[Dataset records]

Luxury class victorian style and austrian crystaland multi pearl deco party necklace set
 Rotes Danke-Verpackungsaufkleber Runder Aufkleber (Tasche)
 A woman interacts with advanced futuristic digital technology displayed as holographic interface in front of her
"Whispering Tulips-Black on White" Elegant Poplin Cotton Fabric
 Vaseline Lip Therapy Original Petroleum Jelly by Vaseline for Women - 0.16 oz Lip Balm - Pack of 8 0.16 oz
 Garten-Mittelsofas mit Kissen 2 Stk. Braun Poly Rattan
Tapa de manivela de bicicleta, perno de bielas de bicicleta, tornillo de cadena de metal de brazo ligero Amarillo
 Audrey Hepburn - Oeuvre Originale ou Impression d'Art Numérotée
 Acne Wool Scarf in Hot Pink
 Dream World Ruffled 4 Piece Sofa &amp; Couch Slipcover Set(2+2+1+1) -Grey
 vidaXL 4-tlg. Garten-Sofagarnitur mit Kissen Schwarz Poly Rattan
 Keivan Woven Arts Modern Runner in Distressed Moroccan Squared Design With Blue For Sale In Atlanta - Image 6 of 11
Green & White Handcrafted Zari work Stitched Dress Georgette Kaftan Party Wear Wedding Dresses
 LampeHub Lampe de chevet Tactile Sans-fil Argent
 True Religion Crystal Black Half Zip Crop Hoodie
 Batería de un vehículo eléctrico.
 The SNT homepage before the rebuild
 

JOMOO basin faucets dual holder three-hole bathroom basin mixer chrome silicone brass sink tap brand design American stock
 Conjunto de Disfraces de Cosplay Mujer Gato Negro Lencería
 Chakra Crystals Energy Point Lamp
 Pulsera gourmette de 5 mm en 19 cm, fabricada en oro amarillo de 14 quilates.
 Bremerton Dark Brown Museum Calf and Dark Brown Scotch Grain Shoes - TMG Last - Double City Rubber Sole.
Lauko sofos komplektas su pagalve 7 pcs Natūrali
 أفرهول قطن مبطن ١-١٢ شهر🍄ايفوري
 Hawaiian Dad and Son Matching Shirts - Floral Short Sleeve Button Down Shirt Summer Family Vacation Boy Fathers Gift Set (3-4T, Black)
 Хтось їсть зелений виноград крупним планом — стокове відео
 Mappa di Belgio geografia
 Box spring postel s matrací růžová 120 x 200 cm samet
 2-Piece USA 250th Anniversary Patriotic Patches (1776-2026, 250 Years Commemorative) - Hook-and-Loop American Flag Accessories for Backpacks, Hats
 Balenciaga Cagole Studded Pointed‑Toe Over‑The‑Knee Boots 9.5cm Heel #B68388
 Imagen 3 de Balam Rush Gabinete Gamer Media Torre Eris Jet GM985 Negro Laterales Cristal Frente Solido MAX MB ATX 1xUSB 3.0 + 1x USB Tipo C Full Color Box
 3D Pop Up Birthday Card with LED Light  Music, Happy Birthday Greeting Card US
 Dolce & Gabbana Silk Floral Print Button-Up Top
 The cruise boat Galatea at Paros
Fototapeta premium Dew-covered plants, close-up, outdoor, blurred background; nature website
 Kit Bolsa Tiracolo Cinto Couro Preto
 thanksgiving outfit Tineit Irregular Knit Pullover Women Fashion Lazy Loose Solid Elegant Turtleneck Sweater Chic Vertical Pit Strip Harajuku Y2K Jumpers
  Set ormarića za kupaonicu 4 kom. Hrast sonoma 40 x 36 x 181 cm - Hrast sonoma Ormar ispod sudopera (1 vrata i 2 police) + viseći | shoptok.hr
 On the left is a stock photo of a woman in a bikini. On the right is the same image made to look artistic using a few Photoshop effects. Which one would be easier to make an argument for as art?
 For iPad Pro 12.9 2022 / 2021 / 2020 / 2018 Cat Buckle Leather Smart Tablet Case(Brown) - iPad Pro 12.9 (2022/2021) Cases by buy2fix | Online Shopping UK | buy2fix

**About this task**
Write down, word for word, the lines above from the one containing "أفرهول قطن مبطن ١-١٢ شهر🍄ايفوري" through the one containing "Fototapeta premium Dew-covered", both ends included.

**Solution for this task**
 أفرهول قطن مبطن ١-١٢ شهر🍄ايفوري
 Hawaiian Dad and Son Matching Shirts - Floral Short Sleeve Button Down Shirt Summer Family Vacation Boy Fathers Gift Set (3-4T, Black)
 Хтось їсть зелений виноград крупним планом — стокове відео
 Mappa di Belgio geografia
 Box spring postel s matrací růžová 120 x 200 cm samet
 2-Piece USA 250th Anniversary Patriotic Patches (1776-2026, 250 Years Commemorative) - Hook-and-Loop American Flag Accessories for Backpacks, Hats
 Balenciaga Cagole Studded Pointed‑Toe Over‑The‑Knee Boots 9.5cm Heel #B68388
 Imagen 3 de Balam Rush Gabinete Gamer Media Torre Eris Jet GM985 Negro Laterales Cristal Frente Solido MAX MB ATX 1xUSB 3.0 + 1x USB Tipo C Full Color Box
 3D Pop Up Birthday Card with LED Light  Music, Happy Birthday Greeting Card US
 Dolce & Gabbana Silk Floral Print Button-Up Top
 The cruise boat Galatea at Paros
Fototapeta premium Dew-covered plants, close-up, outdoor, blurred background; nature website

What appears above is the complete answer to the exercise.